Aware that Australia’s cricket selectors might have to dig deep for volunteers to play in the Champions Trophy in Pakistan, I decided to take my off-spinners out of long storage and give them a whirl on the back lawn. Not a total success.
My wife’s leaden-footed performance behind the stumps made it pointless to attempt my subtler variations. Anyway, after two overs the telltale twinges announced that my knee was about to go. Finally, attempting a doosra, I painfully dislocated my thumb.
So much for my dream of becoming history’s oldest one-day international cricketer (by thirty years over – you can look it up – Nolan Clarke, of the Netherlands).

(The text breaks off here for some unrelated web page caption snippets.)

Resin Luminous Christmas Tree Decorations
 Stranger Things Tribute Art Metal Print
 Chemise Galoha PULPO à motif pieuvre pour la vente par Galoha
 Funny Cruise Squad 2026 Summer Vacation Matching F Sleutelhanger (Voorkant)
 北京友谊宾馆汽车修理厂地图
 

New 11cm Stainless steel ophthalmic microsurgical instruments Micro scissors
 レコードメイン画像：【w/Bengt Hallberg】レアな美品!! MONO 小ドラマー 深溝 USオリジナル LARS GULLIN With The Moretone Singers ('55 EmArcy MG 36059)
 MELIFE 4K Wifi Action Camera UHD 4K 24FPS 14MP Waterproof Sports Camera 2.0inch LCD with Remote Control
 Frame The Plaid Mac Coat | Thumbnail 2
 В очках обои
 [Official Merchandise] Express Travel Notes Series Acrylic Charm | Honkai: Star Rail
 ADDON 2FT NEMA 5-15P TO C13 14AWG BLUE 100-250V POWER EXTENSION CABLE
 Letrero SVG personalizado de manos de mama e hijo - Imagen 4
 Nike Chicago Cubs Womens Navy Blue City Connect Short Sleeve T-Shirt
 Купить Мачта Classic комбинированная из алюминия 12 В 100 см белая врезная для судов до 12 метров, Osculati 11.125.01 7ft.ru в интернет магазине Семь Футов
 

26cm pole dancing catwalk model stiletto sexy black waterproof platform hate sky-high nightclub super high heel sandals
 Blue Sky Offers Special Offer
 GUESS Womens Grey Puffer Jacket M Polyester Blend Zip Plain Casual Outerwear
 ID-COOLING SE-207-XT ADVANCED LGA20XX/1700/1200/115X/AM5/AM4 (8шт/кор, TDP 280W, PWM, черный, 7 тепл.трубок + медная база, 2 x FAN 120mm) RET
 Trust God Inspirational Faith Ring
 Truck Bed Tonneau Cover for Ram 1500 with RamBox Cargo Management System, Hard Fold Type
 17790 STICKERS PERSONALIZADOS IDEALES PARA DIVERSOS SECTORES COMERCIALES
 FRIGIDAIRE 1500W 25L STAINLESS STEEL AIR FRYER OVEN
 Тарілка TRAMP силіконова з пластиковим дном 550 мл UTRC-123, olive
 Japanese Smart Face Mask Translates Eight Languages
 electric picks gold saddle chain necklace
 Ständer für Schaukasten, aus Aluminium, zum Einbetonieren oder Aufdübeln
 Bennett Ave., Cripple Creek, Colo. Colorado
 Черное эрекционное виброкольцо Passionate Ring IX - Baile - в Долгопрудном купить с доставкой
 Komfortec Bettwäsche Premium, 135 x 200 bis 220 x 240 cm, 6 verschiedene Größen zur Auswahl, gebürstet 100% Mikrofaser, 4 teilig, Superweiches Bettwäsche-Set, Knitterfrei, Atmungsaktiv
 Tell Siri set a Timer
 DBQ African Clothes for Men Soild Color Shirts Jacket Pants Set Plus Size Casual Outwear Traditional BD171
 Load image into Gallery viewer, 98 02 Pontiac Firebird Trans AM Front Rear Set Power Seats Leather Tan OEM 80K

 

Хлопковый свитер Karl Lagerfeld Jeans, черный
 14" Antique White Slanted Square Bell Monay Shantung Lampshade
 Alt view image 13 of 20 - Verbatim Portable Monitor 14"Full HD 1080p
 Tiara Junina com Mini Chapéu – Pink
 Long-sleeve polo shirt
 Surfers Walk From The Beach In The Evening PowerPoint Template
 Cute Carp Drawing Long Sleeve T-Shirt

Knowing another tragic likely to be tempted by the possible openings in the Australian Xl, I called John Howard’s house to see how he was going. Janette answered. “He’s lying down,” she said. “I’ll try his cell phone,” I suggested. “He won’t be able to pick it up,” she said. “”He’s lying down on the gerberas. He’s breathing fairly often but mainly groaning. It’s his back. I warned him against trying the doosra.”
Even if the former PM and I had managed to iron out the kinks that inevitably come with lack of practice, I guess we would have been prevented from touring Pakistan by Cricket Australia deciding not to send a team to the Champions Trophy tournament scheduled to begin at Lahore on September 11. Anyway, I hope that would have been and will be the case.
Source: ‘If Howard and I Can’t Play in Pakistan, No one Should’, The Australian, 1 August 2008.
Thanks to Barrie Hibbert for alerting me to this witty piece which contains some good lessons about retirement.
Old Cricket Tragics Never Die…
They Simply go for a Spin
Dr Geoff Pound
Image: The off-spinner himself.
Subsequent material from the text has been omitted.